Kernkonzepte
Large language models can effectively generate high-quality code documentation that outperforms human-written documentation across various parameters, with closed-source models exhibiting superior performance compared to open-source alternatives.
Zusammenfassung
The study presents a comprehensive comparative analysis of leading large language models (LLMs) in their ability to generate code documentation at different levels of granularity, including inline, function, and class-level. The evaluation employs a rigorous checklist-based system to assess the documentation on parameters such as accuracy, completeness, relevance, understandability, and readability.
The key findings are:
- Except for Starchat, all LLMs consistently outperform the original human-written documentation across various parameters.

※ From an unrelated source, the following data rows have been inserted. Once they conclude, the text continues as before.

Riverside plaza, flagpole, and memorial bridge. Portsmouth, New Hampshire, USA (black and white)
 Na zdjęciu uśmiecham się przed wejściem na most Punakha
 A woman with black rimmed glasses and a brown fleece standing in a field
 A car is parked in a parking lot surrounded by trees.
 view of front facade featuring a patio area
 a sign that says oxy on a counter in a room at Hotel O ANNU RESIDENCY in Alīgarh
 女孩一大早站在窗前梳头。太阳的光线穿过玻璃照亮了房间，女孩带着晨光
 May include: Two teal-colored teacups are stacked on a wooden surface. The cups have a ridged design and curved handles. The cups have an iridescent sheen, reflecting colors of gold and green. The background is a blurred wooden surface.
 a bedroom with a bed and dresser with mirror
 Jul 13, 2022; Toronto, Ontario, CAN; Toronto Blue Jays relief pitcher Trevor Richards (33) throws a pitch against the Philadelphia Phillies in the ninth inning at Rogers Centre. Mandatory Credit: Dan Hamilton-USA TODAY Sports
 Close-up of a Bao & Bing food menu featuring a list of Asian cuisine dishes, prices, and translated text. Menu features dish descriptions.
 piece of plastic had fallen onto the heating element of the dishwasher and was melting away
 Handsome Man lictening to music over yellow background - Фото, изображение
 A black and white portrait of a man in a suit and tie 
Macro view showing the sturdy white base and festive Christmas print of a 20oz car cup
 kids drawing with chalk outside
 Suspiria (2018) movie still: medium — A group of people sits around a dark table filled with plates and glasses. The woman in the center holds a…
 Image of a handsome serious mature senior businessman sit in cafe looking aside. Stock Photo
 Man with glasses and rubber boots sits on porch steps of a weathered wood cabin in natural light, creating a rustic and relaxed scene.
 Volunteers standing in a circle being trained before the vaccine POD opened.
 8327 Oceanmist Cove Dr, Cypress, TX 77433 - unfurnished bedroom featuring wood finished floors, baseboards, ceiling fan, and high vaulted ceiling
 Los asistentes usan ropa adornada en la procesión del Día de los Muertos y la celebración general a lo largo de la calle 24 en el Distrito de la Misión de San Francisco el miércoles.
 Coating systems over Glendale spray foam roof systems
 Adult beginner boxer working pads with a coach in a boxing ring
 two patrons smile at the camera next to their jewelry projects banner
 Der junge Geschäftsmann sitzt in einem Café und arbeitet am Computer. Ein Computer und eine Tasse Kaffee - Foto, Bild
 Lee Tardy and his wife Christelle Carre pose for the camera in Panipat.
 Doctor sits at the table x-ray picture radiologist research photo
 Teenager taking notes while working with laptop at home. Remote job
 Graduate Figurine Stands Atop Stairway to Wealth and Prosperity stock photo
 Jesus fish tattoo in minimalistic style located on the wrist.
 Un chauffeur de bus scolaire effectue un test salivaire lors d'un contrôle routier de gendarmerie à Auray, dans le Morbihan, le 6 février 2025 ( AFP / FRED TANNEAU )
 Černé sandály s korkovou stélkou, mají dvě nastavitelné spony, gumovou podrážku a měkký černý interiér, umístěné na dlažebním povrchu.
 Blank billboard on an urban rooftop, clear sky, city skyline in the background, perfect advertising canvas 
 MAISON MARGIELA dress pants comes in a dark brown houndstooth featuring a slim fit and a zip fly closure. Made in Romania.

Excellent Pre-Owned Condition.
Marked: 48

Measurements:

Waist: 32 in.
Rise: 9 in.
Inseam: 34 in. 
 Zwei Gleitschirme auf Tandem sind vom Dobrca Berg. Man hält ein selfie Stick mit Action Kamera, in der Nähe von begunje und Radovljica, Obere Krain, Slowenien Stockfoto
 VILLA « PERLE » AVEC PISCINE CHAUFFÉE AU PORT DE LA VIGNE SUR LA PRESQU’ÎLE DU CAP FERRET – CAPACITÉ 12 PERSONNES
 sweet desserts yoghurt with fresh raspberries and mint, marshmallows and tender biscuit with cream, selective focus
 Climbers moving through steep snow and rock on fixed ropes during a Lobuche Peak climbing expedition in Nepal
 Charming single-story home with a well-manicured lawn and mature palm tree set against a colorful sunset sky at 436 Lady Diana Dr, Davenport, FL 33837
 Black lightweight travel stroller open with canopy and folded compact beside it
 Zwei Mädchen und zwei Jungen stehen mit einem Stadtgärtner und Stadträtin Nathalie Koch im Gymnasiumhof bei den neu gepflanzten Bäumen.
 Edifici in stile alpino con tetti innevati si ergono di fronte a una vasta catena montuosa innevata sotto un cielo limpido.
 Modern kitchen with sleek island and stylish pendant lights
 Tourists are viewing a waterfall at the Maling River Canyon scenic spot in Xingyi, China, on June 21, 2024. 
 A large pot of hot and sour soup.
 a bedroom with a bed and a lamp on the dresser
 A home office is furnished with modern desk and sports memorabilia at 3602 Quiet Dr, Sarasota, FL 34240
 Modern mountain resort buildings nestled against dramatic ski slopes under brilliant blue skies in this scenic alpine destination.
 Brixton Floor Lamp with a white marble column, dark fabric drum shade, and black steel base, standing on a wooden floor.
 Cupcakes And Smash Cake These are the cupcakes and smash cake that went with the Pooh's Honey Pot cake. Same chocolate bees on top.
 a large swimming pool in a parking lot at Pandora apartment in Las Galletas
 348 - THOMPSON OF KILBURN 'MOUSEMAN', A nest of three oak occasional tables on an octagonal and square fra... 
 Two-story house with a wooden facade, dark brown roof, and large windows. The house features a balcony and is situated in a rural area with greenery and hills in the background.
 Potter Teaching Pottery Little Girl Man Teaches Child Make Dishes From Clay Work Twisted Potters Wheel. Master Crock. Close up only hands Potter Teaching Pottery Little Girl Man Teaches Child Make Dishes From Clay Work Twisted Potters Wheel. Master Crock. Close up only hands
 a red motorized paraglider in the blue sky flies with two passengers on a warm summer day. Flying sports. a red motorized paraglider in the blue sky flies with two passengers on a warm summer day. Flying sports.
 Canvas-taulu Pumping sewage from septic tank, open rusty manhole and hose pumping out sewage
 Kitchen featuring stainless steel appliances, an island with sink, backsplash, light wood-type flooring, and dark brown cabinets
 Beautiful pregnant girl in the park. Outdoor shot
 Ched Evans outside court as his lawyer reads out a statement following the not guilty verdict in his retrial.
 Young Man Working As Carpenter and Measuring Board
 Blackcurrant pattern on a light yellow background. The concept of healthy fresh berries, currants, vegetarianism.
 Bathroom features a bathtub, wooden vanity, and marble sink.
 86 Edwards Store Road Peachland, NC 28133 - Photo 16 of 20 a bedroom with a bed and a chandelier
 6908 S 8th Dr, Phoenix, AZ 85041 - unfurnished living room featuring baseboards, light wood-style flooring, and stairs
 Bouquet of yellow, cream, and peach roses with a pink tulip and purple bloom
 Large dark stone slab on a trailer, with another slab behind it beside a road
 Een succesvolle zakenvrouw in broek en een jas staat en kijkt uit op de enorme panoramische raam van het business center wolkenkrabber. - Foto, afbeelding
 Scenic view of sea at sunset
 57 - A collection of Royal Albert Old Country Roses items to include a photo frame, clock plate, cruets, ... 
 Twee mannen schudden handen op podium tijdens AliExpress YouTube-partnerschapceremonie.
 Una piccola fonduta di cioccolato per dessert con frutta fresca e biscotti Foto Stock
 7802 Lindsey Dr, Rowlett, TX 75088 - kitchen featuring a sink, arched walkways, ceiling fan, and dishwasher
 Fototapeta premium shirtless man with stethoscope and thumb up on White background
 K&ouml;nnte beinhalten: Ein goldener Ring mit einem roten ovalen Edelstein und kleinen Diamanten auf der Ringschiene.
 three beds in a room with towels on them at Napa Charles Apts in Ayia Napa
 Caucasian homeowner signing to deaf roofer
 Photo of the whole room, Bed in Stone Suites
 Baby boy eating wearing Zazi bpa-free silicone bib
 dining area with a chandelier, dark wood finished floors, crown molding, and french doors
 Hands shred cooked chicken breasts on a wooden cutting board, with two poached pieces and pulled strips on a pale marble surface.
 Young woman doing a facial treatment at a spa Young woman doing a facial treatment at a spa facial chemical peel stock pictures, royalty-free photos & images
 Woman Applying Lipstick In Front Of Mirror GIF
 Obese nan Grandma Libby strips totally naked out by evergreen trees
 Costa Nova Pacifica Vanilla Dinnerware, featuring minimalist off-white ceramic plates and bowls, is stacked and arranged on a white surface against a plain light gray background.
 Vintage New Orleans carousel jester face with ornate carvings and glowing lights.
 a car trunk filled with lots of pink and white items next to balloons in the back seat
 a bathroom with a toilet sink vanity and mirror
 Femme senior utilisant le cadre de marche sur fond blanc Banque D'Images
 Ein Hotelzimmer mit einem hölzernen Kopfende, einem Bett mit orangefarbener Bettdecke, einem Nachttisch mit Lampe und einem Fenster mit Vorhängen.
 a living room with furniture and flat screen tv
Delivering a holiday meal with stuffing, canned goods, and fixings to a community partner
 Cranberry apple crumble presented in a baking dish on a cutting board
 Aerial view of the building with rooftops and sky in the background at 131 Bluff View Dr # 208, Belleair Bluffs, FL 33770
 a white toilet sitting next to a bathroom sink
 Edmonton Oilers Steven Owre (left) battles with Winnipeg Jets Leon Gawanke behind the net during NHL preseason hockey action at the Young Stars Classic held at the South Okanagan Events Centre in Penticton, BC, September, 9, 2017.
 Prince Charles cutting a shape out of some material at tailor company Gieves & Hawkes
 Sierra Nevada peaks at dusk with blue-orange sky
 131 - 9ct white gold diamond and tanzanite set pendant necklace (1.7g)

- Closed-source models like GPT-3.5, GPT-4, and Bard exhibit superior performance compared to open-source/source-available LLMs like Llama2 and Starchat.
- File-level documentation has considerably worse performance across all parameters (except time taken) compared to inline and function-level documentation.
- Statistical analysis using ANOVA confirms the significant impact of the model choice on completeness, relevance, and time taken for documentation generation.
The study highlights the potential of LLMs in automating and enhancing code documentation, while also identifying areas for further improvement, particularly in file-level documentation and the performance gap between closed-source and open-source models.
Statistiken
GPT-4 took the longest time to generate documentation, followed by Llama2, Bard, with ChatGPT and Starchat having comparable generation times.
File-level documentation had a worse performance across all parameters (except time taken) compared to inline and function-level documentation.
Zitate
"Closed-source models, including GPT-3.5, GPT-4, and Bard, consistently outperform their open-source counterparts, Llama2 and Starchat, across a majority of parameters in our evaluation rubric."
"Additionally, file level documentation had a considerably worse performance across all parameters (except for time taken) as compared to inline and function level documentation."